Work order: Please reproduce the lines of the records below from the one holding "Hi everyone! Welcome" through the one holding "Hey y'all, it's", inclusive, skipping all pictures.

Dataset content:
--

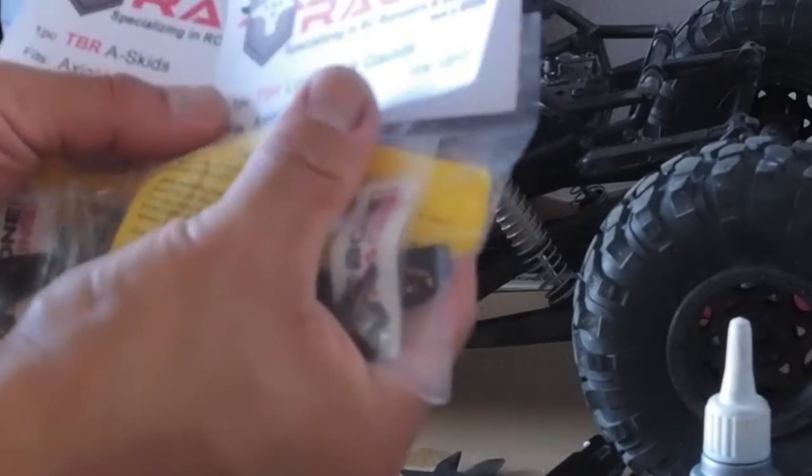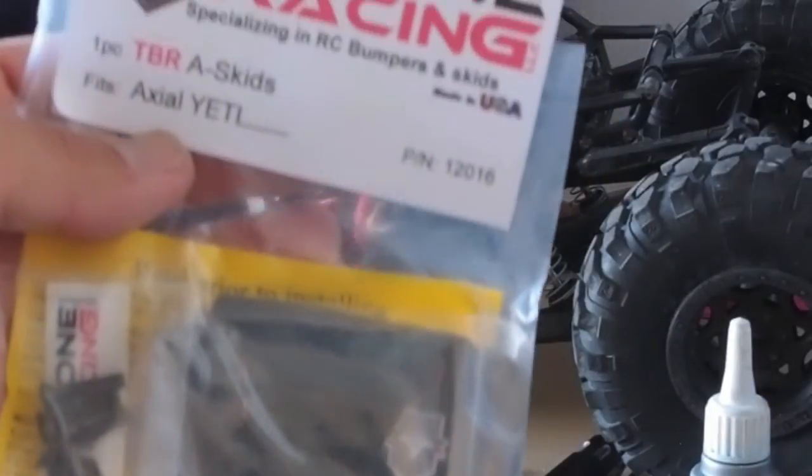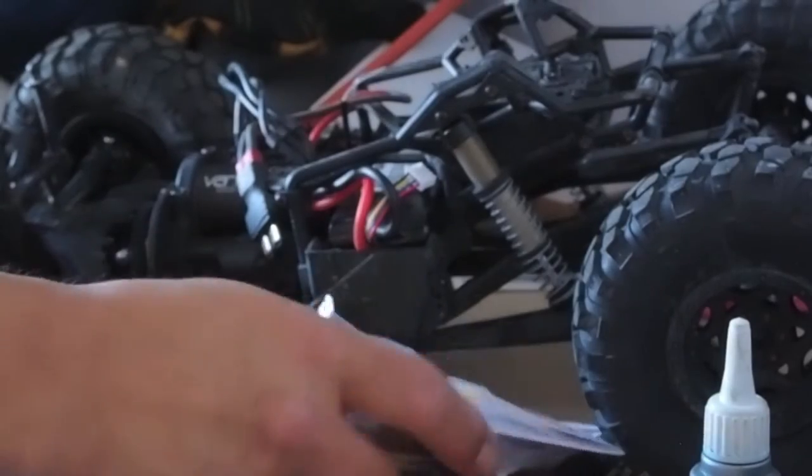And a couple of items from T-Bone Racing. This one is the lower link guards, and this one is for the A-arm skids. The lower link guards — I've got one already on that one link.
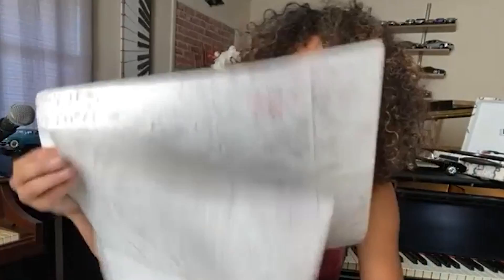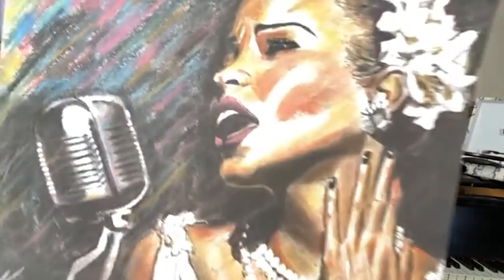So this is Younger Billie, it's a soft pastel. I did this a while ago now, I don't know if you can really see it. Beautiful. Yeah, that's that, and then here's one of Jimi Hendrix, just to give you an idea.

--

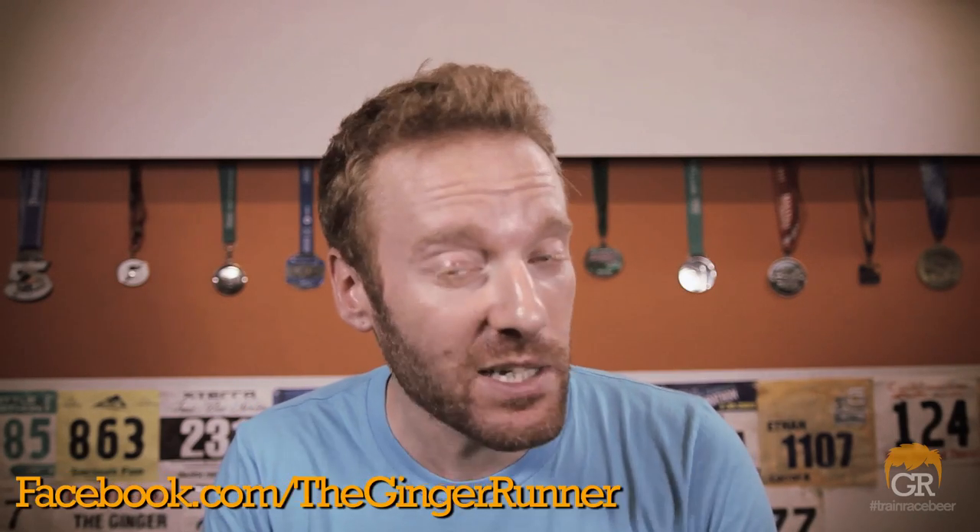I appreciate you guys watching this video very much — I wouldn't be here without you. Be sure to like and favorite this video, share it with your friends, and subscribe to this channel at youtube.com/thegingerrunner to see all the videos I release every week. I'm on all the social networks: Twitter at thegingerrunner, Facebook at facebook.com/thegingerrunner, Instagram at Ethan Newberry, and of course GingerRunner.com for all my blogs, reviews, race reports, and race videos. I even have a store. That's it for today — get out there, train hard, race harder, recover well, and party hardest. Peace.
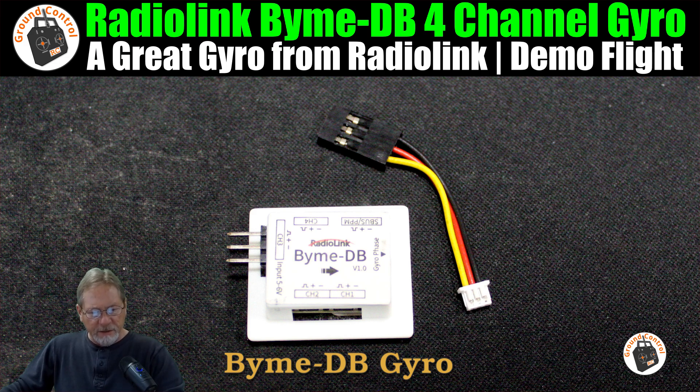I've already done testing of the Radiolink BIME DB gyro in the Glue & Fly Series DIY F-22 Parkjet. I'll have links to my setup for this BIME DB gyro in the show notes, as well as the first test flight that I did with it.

--

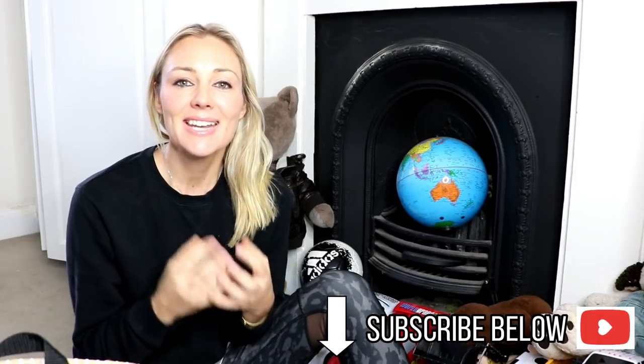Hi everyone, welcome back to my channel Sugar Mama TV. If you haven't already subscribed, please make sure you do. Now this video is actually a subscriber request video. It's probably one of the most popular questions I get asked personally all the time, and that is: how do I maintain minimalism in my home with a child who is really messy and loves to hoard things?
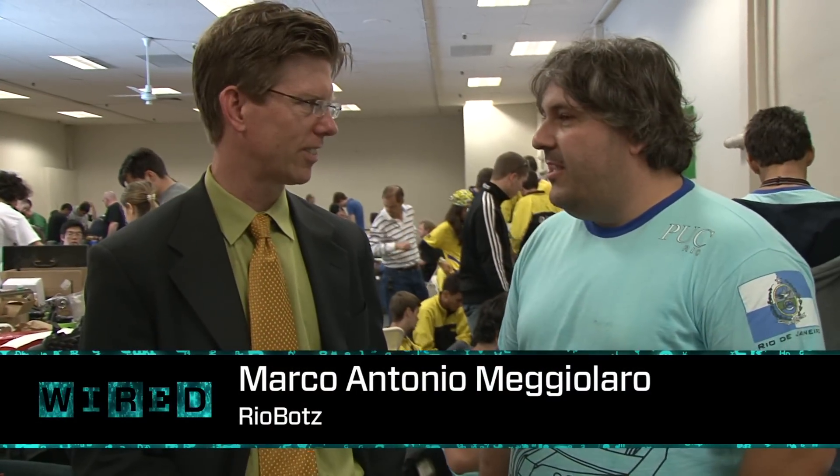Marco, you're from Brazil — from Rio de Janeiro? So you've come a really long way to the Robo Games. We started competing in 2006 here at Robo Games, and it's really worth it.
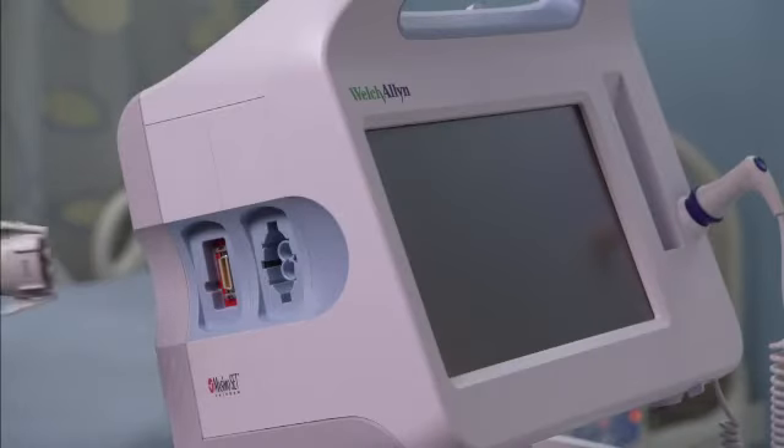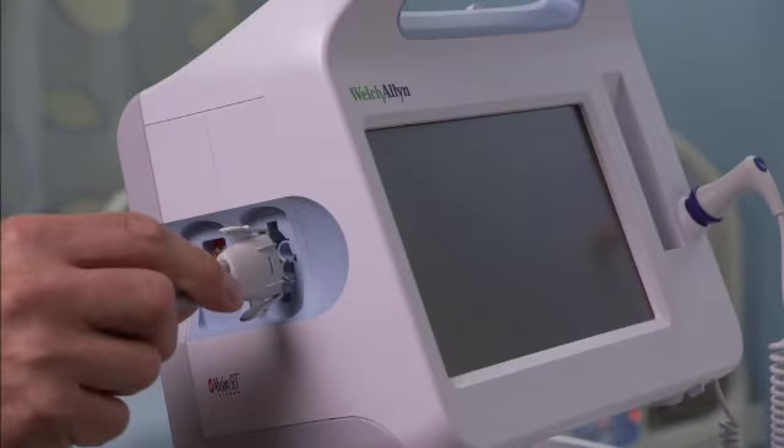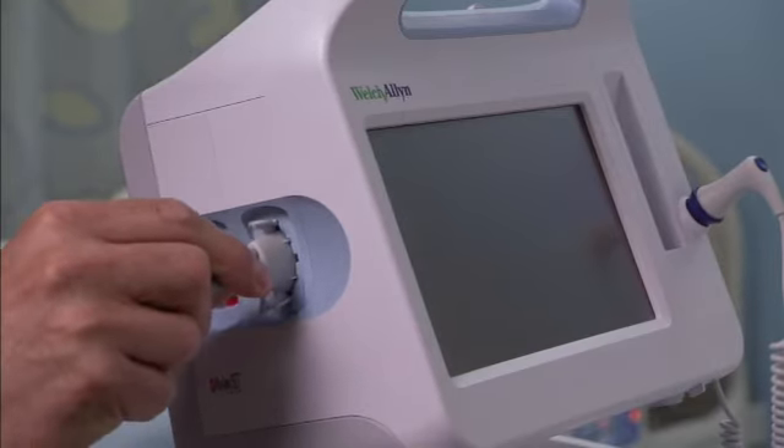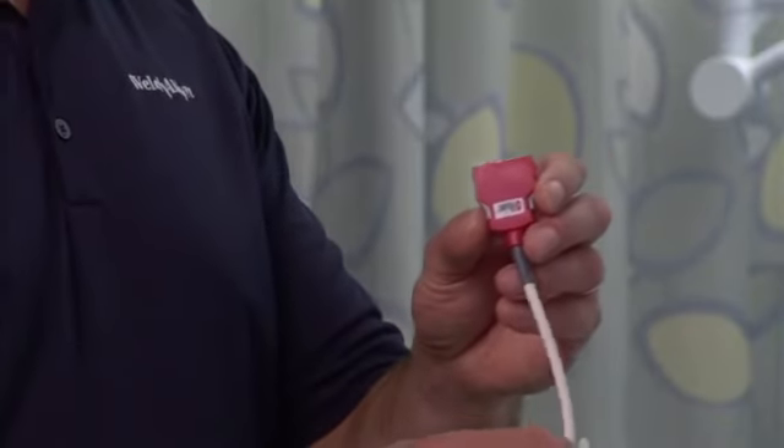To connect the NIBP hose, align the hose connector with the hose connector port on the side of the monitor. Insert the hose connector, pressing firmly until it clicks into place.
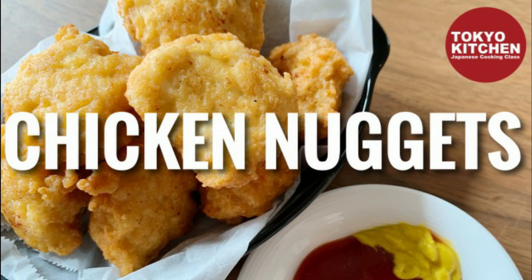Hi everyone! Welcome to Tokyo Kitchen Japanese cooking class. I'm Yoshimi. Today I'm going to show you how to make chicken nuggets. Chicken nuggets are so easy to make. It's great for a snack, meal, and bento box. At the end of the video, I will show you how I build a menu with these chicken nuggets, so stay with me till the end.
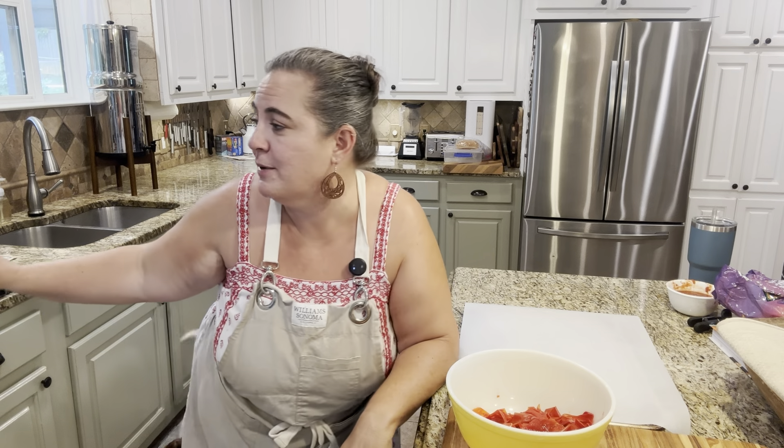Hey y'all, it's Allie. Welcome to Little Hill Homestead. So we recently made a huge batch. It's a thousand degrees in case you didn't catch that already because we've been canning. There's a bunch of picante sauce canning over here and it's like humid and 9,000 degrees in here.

--

Solved exercise:
Hi everyone! Welcome to Tokyo Kitchen Japanese cooking class. I'm Yoshimi. Today I'm going to show you how to make chicken nuggets. Chicken nuggets are so easy to make. It's great for a snack, meal, and bento box. At the end of the video, I will show you how I build a menu with these chicken nuggets, so stay with me till the end.
Hey y'all, it's Allie. Welcome to Little Hill Homestead. So we recently made a huge batch. It's a thousand degrees in case you didn't catch that already because we've been canning. There's a bunch of picante sauce canning over here and it's like humid and 9,000 degrees in here.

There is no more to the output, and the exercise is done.